Nope nope, these are the easiest things to study. Infact a 10th grader would be able to finish them in the same time. Medicine is not supposed to be, but is , Memorizing. Except for some one who has previous physics undergrad background, it's all easy. Yes pharma-chemistry ones sound awkward, but again it's memorizing.
Engineering = using head (analysis) Medicine = Memorizing (cause and effect relationships, and medicine names, go for any problem and they'll first try to give it a name for the disease)
Of course medicine wasn't supposed to be that way , but sadly it is that way. If the doctor has previous physics/mathematics background then I can count more on them than the others with biology background only. That said about 5% of the medical professonals are smart enough to be able to work with us and find solutions. The press is always pressing "micracles by medicines" but they are actually talking about "engineering miracles through imaging, through technology, through equipments, through genetics, through nanotechnology, "nah it wasn't doctors who made electronic microscope.

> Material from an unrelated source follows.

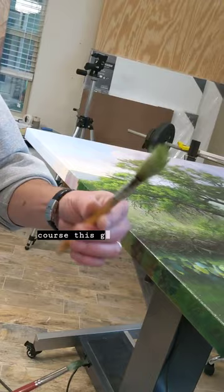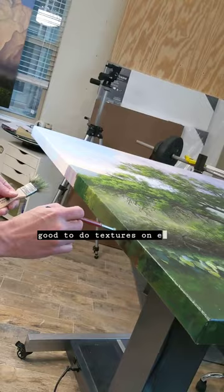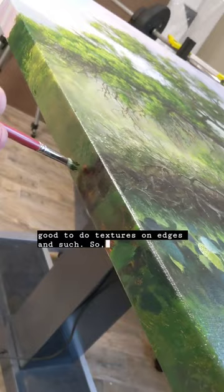Anyway, I love to use — this is like a brush that I made from the tree and the floor, and then this guy I made, too. They're really good to do textures on edges and such.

The maths is the only thing that pushes us towards precise thinking, and to tell you the truth almost 90% of medical professionals would be out of job and replaced by Automation if the states didn't require a licence to practice it. They are dumb people with god-complex. Yes they work longer but so do the bar-attenders. They would not pass any engineering courses given time to study whereas we can pass , like the tenth grader, all of their courses given the same study time.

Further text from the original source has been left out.